Certainly not all leaders were subject to these biases. Key individuals in nearly every country viewed the slide toward war in July 1914 with dread, as the result of a sober, rational assessment of likely outcomes. But their voices were drowned out or they deemed the situation past the point of no return based on their nations’ treaty commitments or other factors overriding a rational balancing of expected costs and benefits.
Only weeks after fighting broke out, the fallacies in both sides’ thinking became evident. The impotence of French offensive gallantry against German machine guns was clear within days. But the reaction, at least for a tragic while, was “irrational escalation” or doubling down and using a failing approach even more intensely.
This is one aspect of the “sunk cost” fallacy well known even to economists who reject the behavioral school. This is the human tendency to believe ever more strongly that one should continue with a failing effort just because one already has spent so much money, and in the case of war, so many lives, on it. This is true in conflicts and today in private companies or government agencies seeing big software projects spin out of control.
As the war wended on, the sorrow and pain on all sides became enormous. To cut one’s losses and seek a negotiated peace came to be seen as a betrayal of those who had died. More prosaically, it would have required leaders to admit their mistakes.
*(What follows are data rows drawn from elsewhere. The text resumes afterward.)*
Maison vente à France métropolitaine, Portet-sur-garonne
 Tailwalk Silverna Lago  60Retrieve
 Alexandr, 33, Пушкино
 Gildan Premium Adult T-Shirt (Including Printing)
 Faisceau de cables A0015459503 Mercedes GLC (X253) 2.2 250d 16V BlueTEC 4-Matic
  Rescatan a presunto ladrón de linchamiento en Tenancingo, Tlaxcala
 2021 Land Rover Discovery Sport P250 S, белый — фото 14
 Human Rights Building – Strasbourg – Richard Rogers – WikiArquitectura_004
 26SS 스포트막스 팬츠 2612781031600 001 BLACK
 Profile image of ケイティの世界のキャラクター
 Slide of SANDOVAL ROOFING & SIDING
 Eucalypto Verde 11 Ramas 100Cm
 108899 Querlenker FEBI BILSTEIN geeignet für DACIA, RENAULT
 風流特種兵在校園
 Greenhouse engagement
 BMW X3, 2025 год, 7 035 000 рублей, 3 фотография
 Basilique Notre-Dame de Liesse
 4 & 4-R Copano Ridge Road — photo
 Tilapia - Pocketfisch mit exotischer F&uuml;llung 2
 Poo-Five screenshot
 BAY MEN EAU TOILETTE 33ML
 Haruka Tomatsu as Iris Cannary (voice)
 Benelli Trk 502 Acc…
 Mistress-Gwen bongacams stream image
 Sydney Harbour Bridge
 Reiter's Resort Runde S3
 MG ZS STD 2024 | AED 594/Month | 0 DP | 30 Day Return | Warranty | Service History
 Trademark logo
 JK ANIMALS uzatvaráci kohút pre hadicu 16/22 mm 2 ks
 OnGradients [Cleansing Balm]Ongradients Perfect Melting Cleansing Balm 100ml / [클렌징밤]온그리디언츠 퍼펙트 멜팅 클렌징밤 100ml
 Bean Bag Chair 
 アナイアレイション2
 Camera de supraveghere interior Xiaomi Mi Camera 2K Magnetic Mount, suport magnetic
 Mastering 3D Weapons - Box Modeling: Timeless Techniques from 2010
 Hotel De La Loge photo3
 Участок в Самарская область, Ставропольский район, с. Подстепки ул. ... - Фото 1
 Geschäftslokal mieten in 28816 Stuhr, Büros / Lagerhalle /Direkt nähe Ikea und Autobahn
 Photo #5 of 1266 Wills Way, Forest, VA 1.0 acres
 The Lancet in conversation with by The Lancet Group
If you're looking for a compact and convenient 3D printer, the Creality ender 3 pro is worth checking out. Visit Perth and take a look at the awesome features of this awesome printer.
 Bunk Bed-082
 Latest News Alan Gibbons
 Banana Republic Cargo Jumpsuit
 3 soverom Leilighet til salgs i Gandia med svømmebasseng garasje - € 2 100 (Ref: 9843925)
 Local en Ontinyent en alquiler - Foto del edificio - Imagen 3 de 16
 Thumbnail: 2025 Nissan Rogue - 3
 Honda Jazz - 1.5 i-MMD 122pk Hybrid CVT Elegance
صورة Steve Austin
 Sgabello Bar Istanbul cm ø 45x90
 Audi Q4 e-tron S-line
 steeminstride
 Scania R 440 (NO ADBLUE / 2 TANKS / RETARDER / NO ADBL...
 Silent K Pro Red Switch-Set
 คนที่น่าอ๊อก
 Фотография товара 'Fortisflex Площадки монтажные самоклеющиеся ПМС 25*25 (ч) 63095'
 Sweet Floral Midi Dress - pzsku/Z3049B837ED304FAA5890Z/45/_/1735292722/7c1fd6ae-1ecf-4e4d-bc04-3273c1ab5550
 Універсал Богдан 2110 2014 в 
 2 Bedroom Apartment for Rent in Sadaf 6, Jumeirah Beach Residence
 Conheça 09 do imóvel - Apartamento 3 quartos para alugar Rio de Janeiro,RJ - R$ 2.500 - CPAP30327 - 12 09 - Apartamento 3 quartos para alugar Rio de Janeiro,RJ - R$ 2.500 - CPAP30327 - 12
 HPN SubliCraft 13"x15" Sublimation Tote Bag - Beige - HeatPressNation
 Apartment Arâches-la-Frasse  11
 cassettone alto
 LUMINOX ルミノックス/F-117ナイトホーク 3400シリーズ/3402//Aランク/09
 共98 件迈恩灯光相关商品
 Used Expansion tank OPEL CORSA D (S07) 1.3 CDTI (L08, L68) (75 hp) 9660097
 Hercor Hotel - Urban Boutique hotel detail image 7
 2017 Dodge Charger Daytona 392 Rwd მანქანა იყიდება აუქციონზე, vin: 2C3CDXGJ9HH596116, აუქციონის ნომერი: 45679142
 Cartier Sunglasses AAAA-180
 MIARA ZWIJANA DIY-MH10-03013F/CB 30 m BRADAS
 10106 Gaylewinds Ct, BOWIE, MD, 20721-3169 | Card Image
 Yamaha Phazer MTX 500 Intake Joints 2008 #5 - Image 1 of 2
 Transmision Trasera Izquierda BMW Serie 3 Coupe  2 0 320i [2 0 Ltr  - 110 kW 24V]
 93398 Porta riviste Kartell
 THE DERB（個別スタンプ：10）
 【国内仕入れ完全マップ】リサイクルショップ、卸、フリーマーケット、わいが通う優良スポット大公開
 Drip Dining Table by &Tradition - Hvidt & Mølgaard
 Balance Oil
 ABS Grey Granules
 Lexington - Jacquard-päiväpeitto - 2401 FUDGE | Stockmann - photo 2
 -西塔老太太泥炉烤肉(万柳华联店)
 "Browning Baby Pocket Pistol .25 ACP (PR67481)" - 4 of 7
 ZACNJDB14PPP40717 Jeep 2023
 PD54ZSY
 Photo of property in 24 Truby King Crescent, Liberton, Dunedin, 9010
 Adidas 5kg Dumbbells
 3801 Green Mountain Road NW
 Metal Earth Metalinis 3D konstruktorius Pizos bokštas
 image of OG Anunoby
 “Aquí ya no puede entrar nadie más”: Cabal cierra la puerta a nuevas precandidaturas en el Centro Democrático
The real contribution of the United States was not in actual fighting against the Germans but rather in the fact that the slow, but inexorably growing, buildup of U.S. forces finally overcame the self-denial of German military and civilian leaders.
Of course, in describing this, I and professional historians have to be cautious of “hindsight bias,” or the belief that things were clear simply because of the way they turned out.
There are many more aspects to this tragic war, especially the economic forces leading up to it and the structural changes in the world economy that it engendered. But these must wait for future columns.